Documents for the Long Term

We all will die. Institutions come and go. Empires and nations crumble. But what is written down may have transcendent longevity. Whether it is a personal letter from a departed friend, the minutia of administration or the recorded contemporary reports of great historical events, the durable written word has almost mythic status in our culture.

The permanence of the written word has fascinated mankind for millennia. The powerful knew the truth of this. To be sure that his deeds would outlive his contemporaries, the Emperor Augustus had his CV engraved in bronze in his “Res Gestae Divi Augusti” (Deeds accomplished of the Divine Augustus). The bronze did not survive, but the words have. Horace wrote in his Ode, “Exegi monumentum aere perennius” (I have erected a monument more lasting than brass). And his words have survived. Shakespeare in Sonnet #55 echoed this sentiment, “Not marble, nor the gilded monuments/ Of princes shall outlive this powerful rhyme”. Shelly in his Ozymandias shows the irony of the surviving boastful inscription, “Look on my Works ye Mighty, and despair!” beside the “colossal wreck” of an ancient monument.

The saying is “ars longa, vita brevis” — art is long, but life is short. But this is not entirely accurate. The performing arts such as dance or music have a very sketchy and imperfect history until the rather recent invention of written notations.
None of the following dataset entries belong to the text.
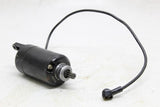 2009 Kawasaki Ninja 250R EX250J ENGINE STARTING STARTER MOTOR -DC 12V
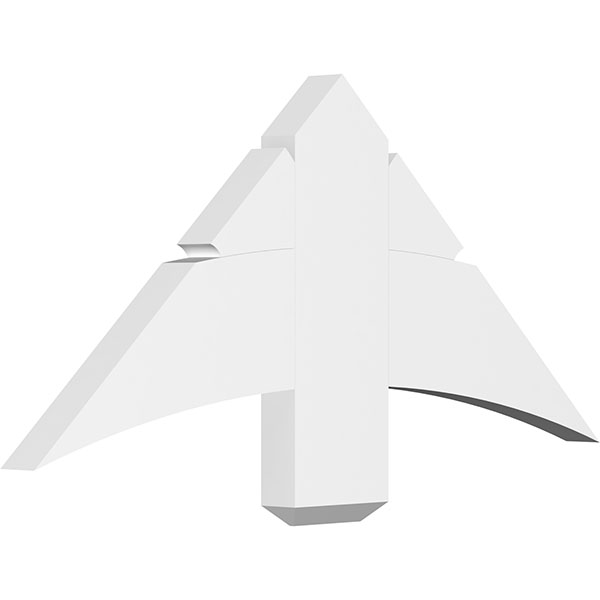 Ekena Millwork GBP036X17X0206DAV00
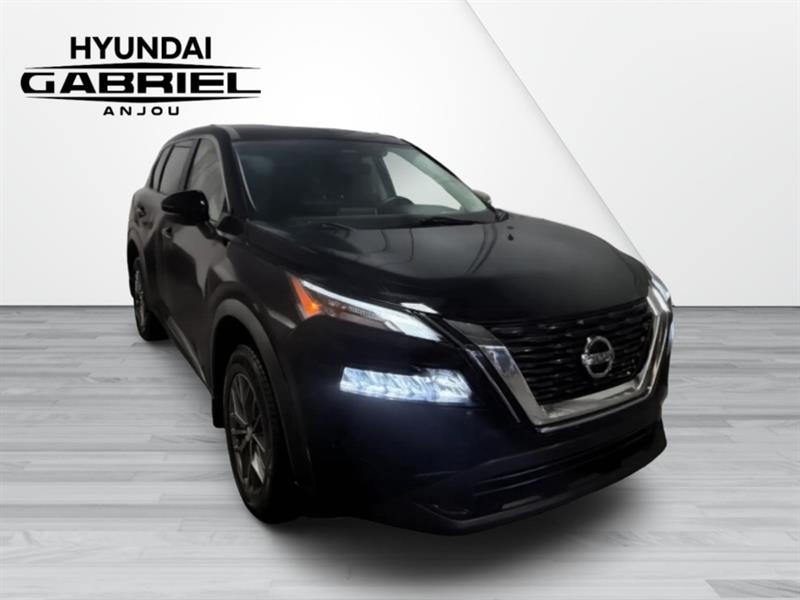 nissan Rogue 2021 - 3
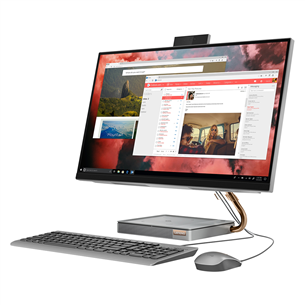Stacionarus kompiuteris Lenovo IdeaCentre AIO A540-27ICB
So dance before around 1450 is a matter of speculation. No doubt the ancient Bacchae accompanied their ecstatic revels with an equally furious dance. But we know none of it. Thucidydes has the Lacedamonians march into battle to the accompaniment of flutes. What martial notes they played we do not know. We can only speculate, with Thomas Browne, “What song the Syrens sang”. Some like Benjamin Bagby may give a glimpse at earlier performance practice. And scholars like Milman Parry find echoes of ancient practices in traditional story telling. But we cannot know for certain.
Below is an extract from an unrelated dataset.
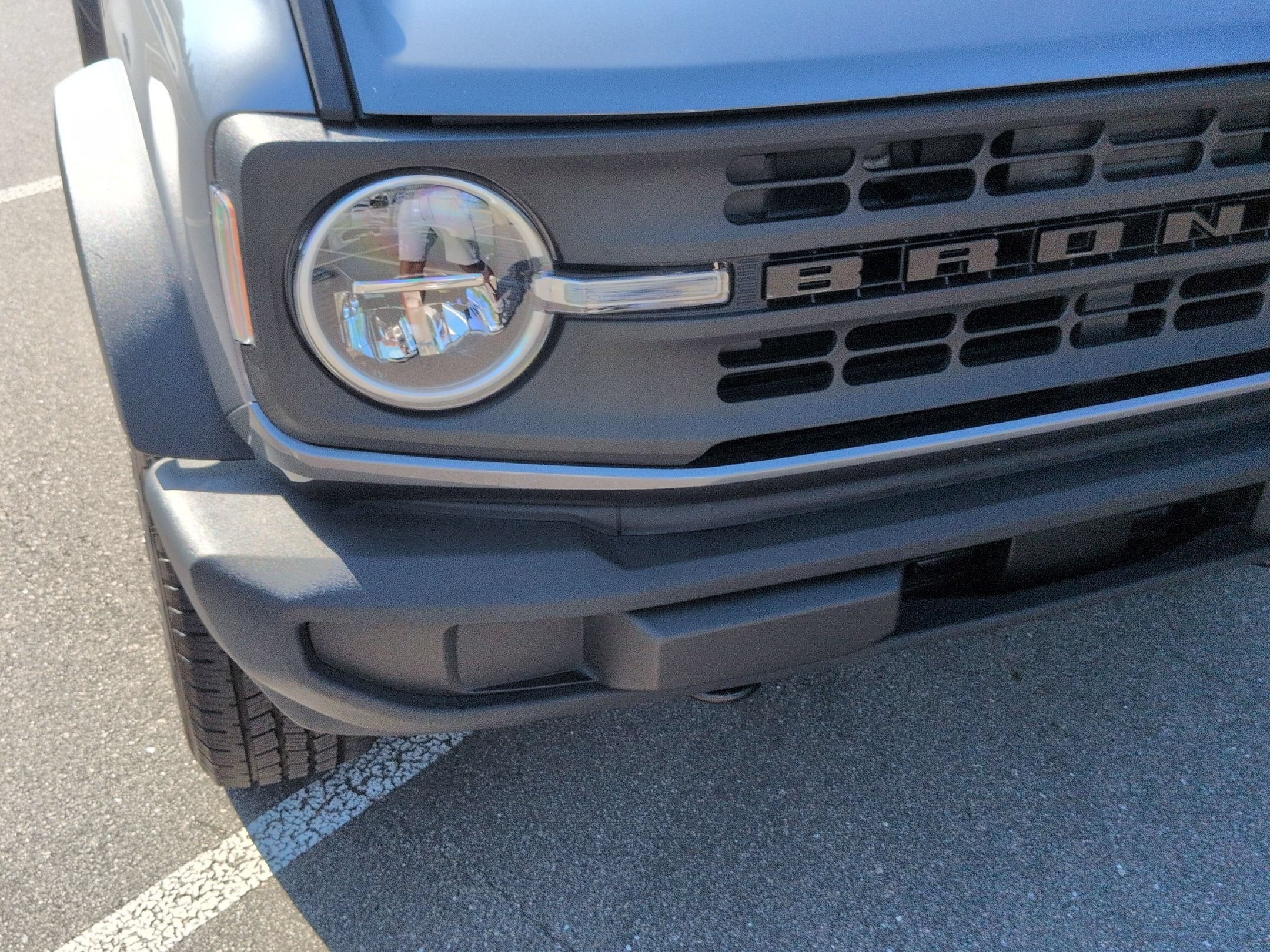 Certified 2022 Ford Bronco 4-Door AWD/4WD image 10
The structural arts of architecture, city design, aqueducts, and monuments, engravings, these have all fared better over time. Even scattered texts from antiquity have survived. Text can have longevity, but not unassisted. Left to the ravages of water, fire, insects and fungi, papyrus, vellum and paper will only survive a few hundred years. For a text to survive longer, someone must copy it. So, the works of Cicero, these we have in rather good shape today, in part because Augustine of Hippo praised his works. (Then as now, getting a good review from a recognized figure is is the best marketing).

Which ancient texts were copied, and thus became part of the canon of western literature, was somewhat a matter of chance. Nine of the surviving plays of Euripides, existing in a single partial manuscript, are curiously in alphabetical order, but only containing plays beginning with the Greek letters eta through kappa, leading scholars to believe that this is merely volume 2 of a larger collection of plays that are lost. Euripides is believed to have written almost 100 plays. We have almost 20 of them today.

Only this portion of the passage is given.